Stickleback fish feed on fungi and algae that produce organic pigments called carotenoids. These pigments come in reds, oranges and yellows and serve many purposes, but key among them is their importance in sexual display.
They give zebra finches their orange beaks, blue tits their yellow feathers and sticklebacks their red bellies. All these characteristics are used to attract mates. Without carotenoids, the animals lose their colour and so will fail to impress potential partners.
When Tom Pike at the University of Glasgow, UK, discovered that carotenoids also function as antioxidants, he and his colleagues became interested in how fish would respond to a diet low in the colourful compounds.
For the study, Pike and his colleagues placed 40 male sticklebacks in individual aquaria and fed them fish food containing either 10 or 200 micrograms of carotenoids per gram of fish food - within the normal range that they would get in the wild — over six months.

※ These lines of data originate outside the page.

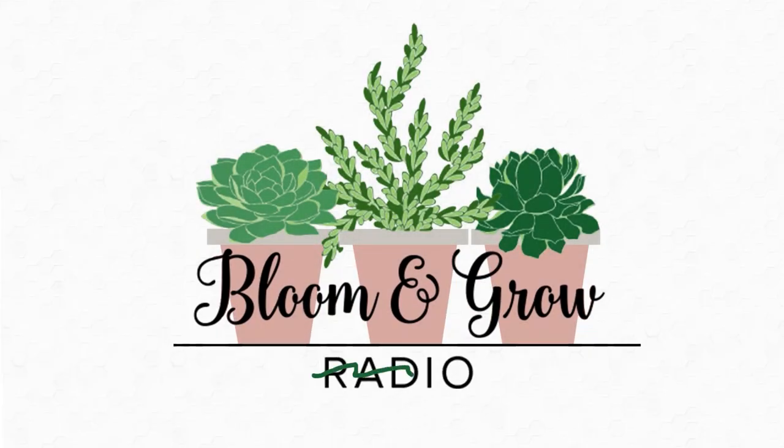Welcome to the Bloom and Grow YouTube show. What does your plant care routine look like on a daily, weekly, monthly, quarterly basis? Generally speaking, you mentioned it takes about 45 minutes to water.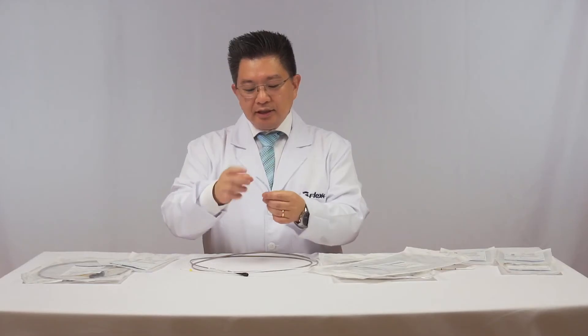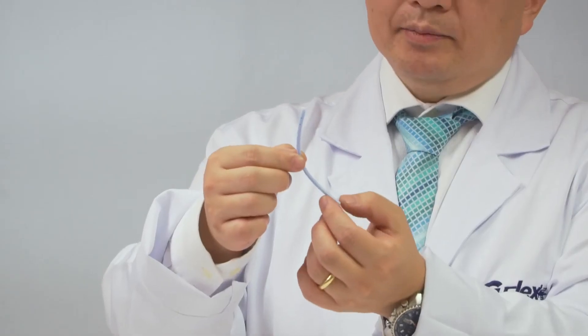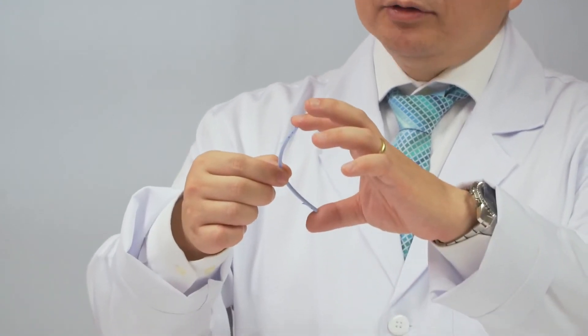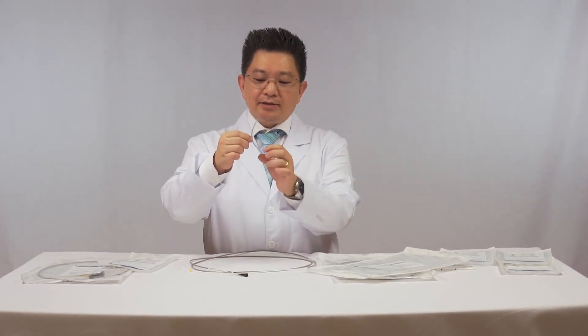The shape of this stent is like a boomerang — it has a central angle. It's very useful because the stent remains anchored in three points inside the biliary tract.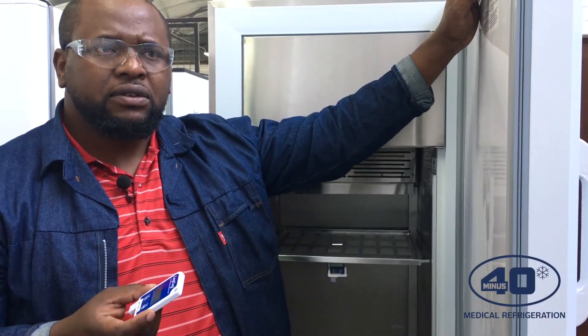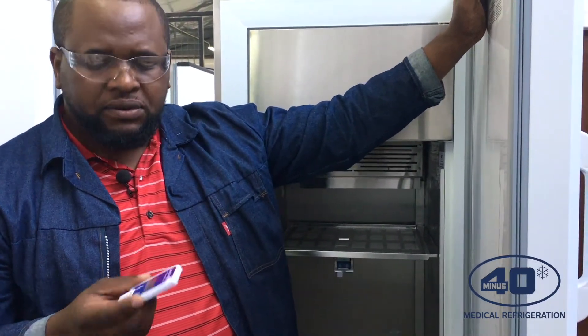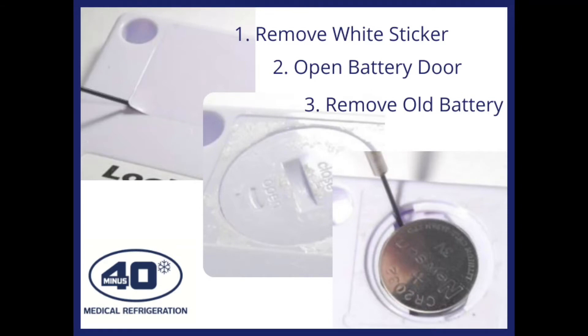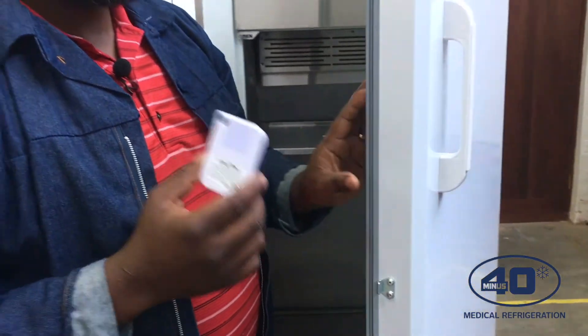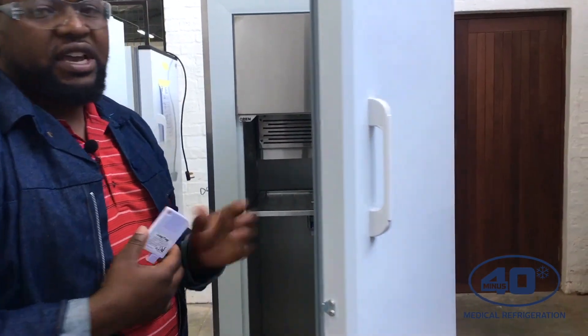Regarding battery replacement: the battery can last over a year. To replace it, go to the back of the device, remove the clip at the back, and use a coin to turn the clip inside so you can replace the battery. After replacing the battery, it is recommended to send the device to a SANAS-accredited lab for calibration, to ensure you continue to get accurate readings.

The researchers then placed gravid females in with the males, allowed them to spawn, and then removed them again. The males initiated their standard behaviour of fanning their eggs with their pectoral fins, an activity that oxygenates the eggs and improves offspring survival, particularly in hypoxic waters.

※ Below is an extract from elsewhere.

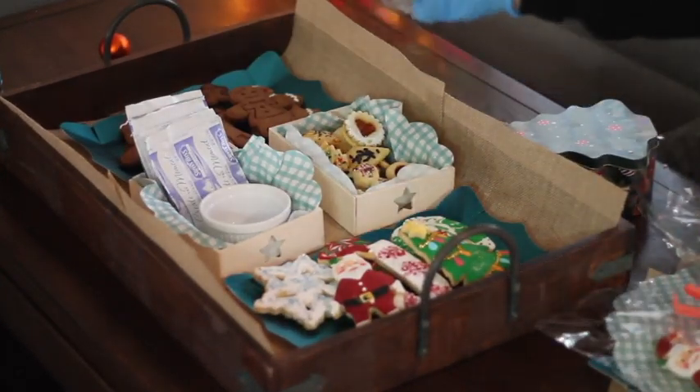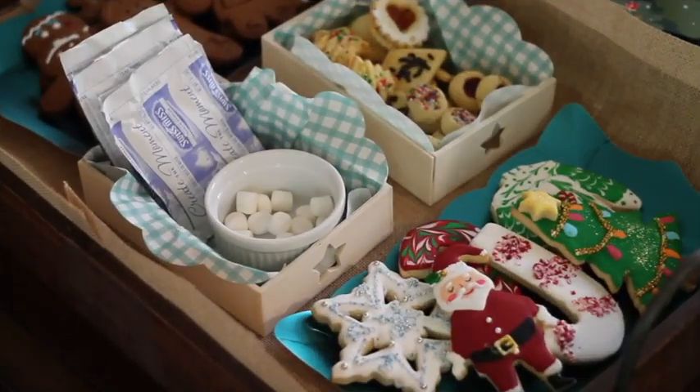And don't forget about the drinks! If your kids like hot cocoa, you can put hot cocoa mix, marshmallows, and chocolate spoons.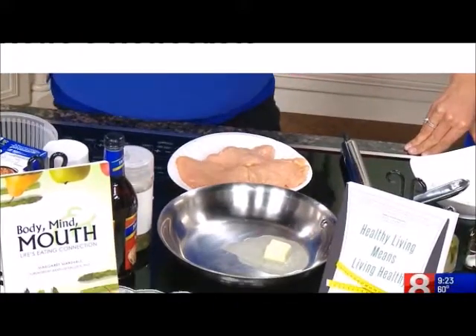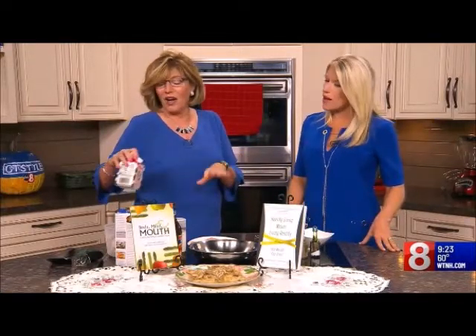I am using heavy cream today, but if you don't want to use heavy cream, you can exchange it for evaporated skim milk. Because that's thick, and it's sweet, and it takes all the fat out of this. So I always exchange it, but today I brought the heavy cream.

They then watched how fish on different diets responded when oxygen levels in the water were reduced to 30 percent of normal.
It was found that sticklebacks on high-antioxidant diets increased their fanning from 49 percent of the time to 82 percent of the time, whereas sticklebacks fed low-antioxidant diets did not increase their fanning activities.
"What really surprised us was that there was a behavioural response to a lack of carotenoids. The fish were otherwise completely healthy, so we think the absence of carotenoid antioxidants caused muscle fatigue in the fish from strenuous exercise," Pike said.
In case of humans, despite the large volumes of work being done on the effects of antioxidants on our bodies, Pike pointed out that there has been very little research on antioxidants and behaviour.
However, he assumes that it might have a similar effect.
"While I don't think consuming lots of antioxidants is necessarily going to add a spring to your step, not getting enough could take your spring away," he said.
The study is published in Behavioural Ecology 1.